Pictures with short captions:
****************************************
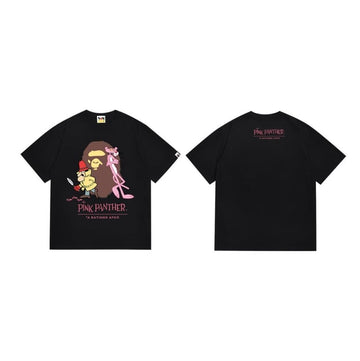 Black BAPE x Pink Panther Collab T-Shirt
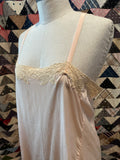 20s pink slip w/lace trim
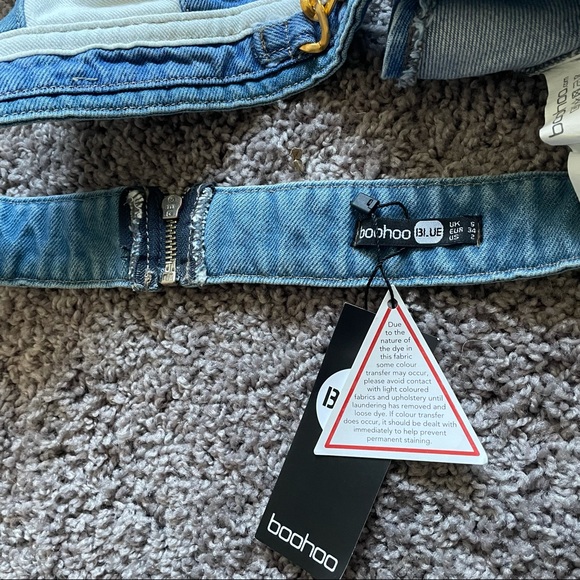 NEW Patchwork Denim Halter Top - Picture 9 of 9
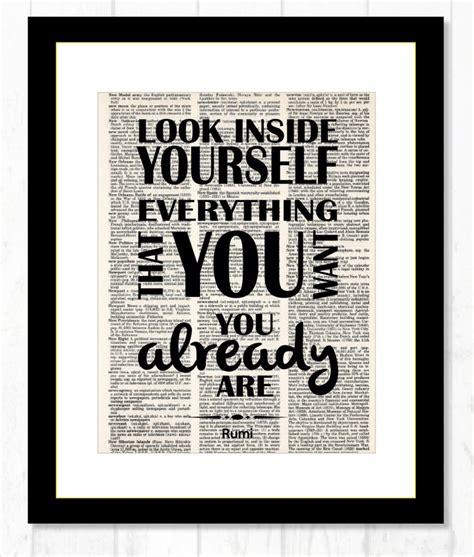 Look Inside Yourself Everything That You Want You Already Are Etsy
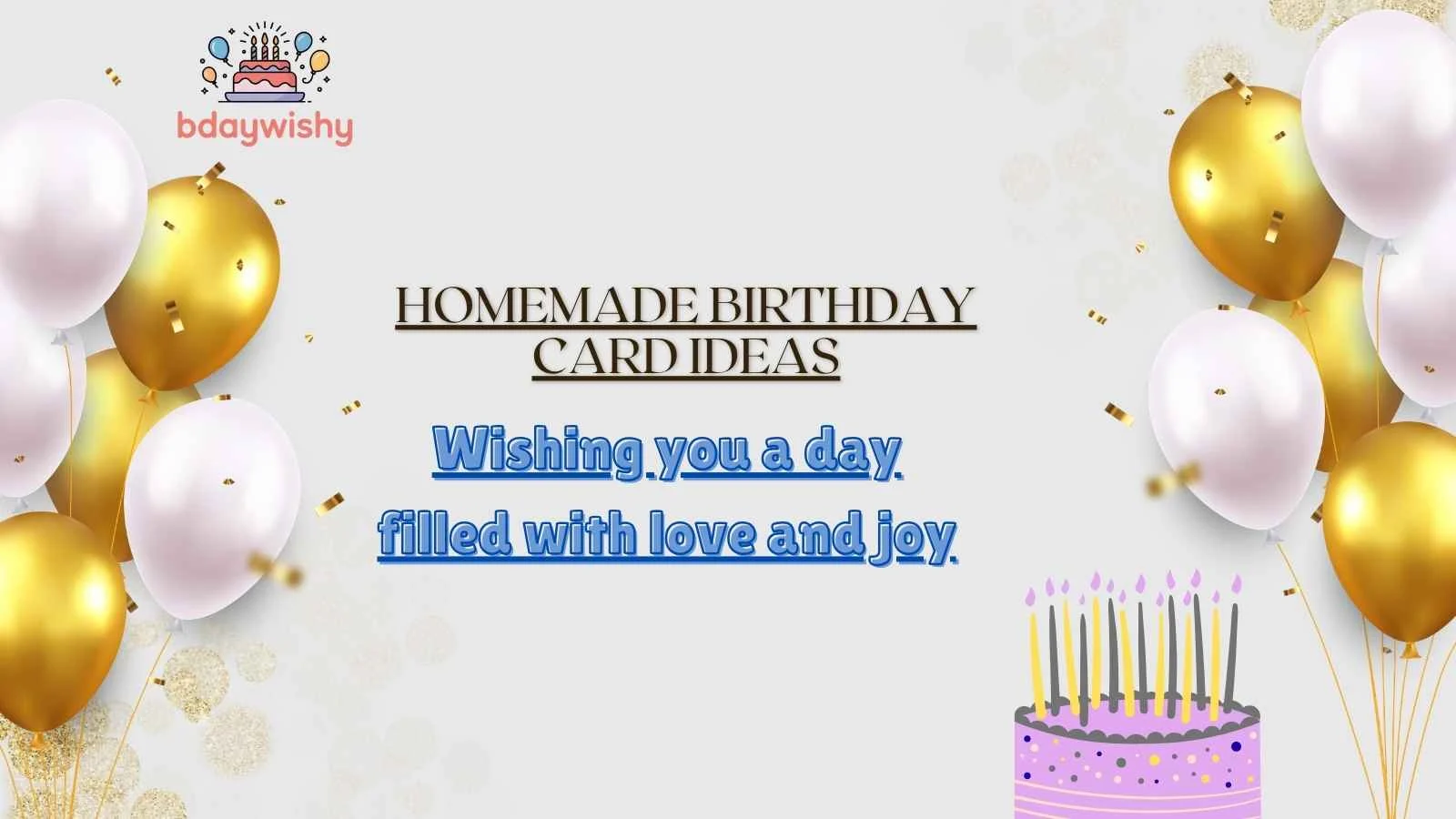 Homemade Birthday Card Ideas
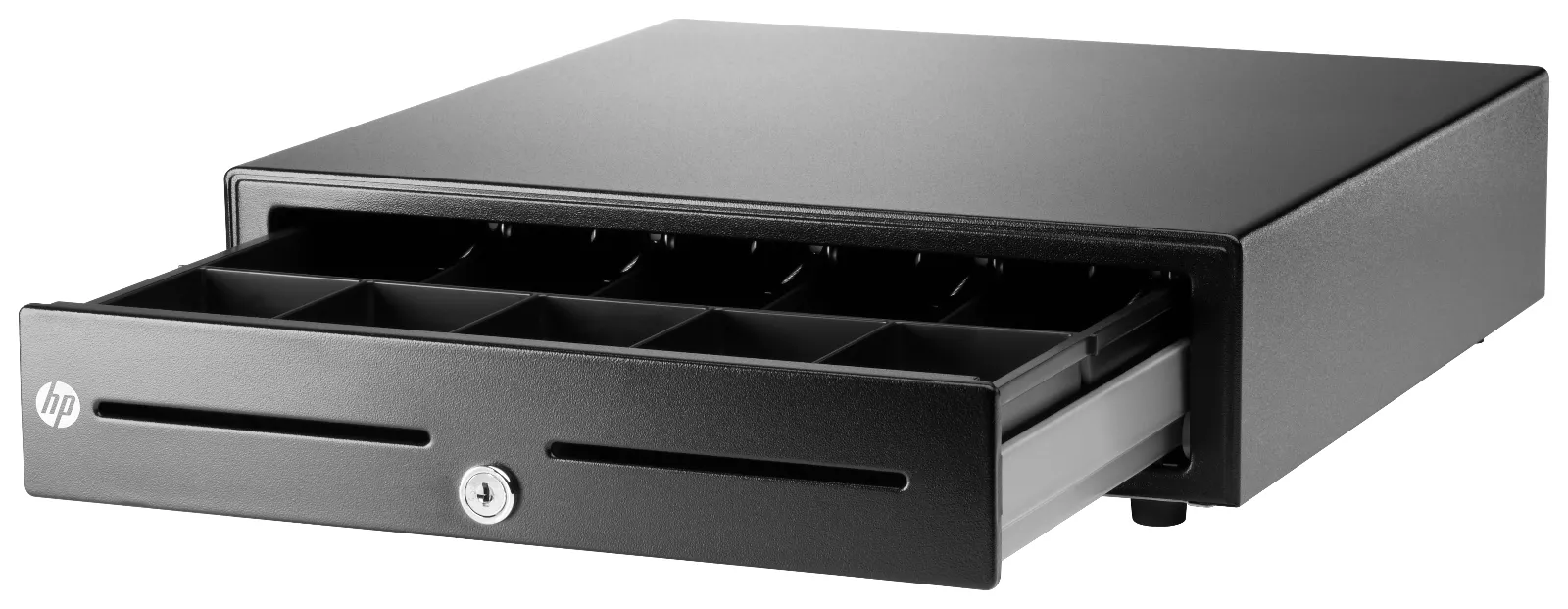 HP Standard Duty Cash Drawer, left side view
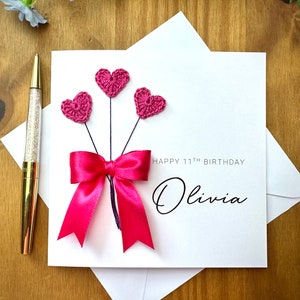 Girls birthday card, birthday card for her, birthday card for mum, auntie, nana, grandma happy birthday card, TLC0264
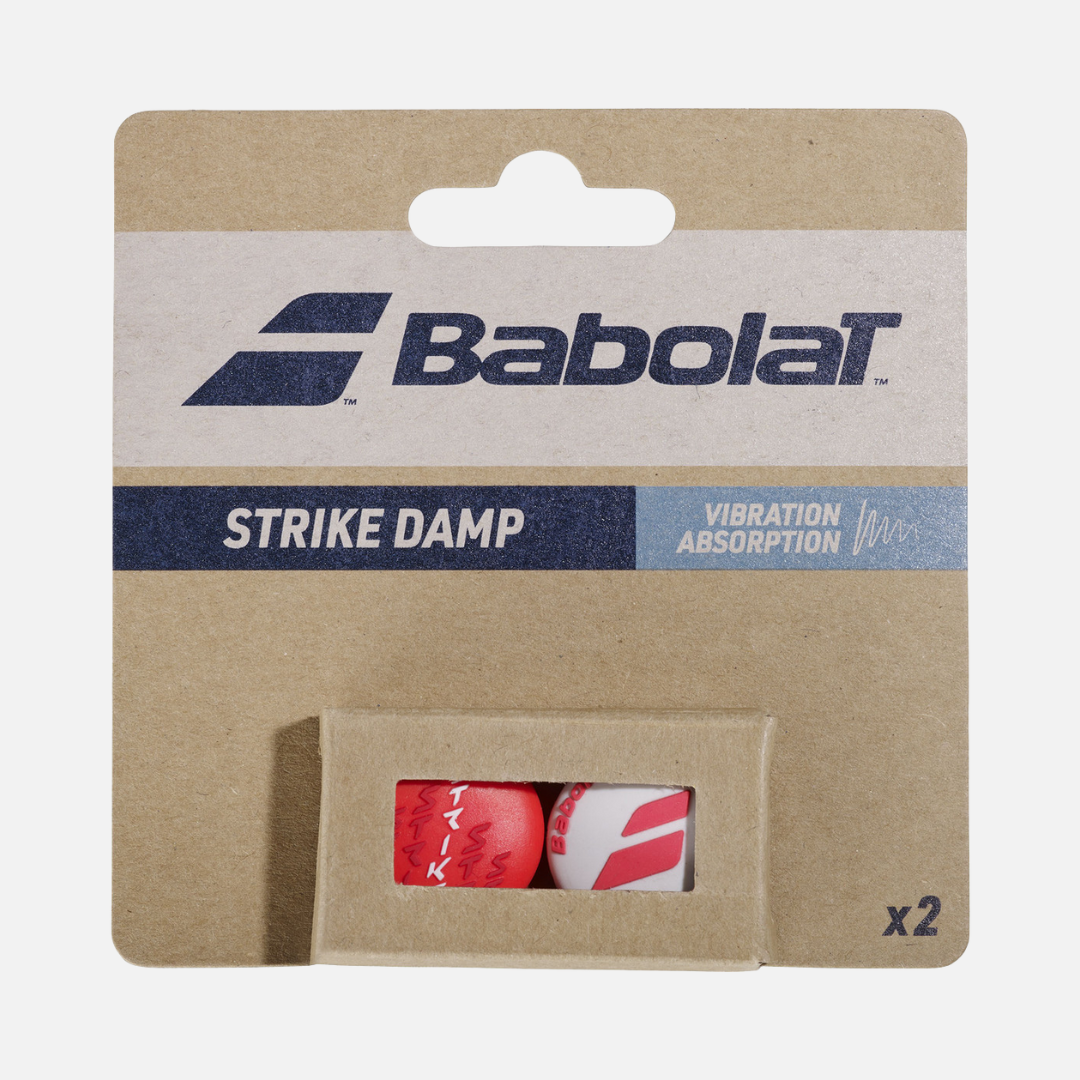 BABOLAT  STRIKE DAMP X2 RED/WHITE DAMPNER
****************************************
EXERCISE AIM |
Exactly the lines from the one with "Girls birthday card, birthday" through the end of the entries above must be written out, and no pictures may be included.

EXERCISE SOLUTION |
 Girls birthday card, birthday card for her, birthday card for mum, auntie, nana, grandma happy birthday card, TLC0264
 BABOLAT  STRIKE DAMP X2 RED/WHITE DAMPNER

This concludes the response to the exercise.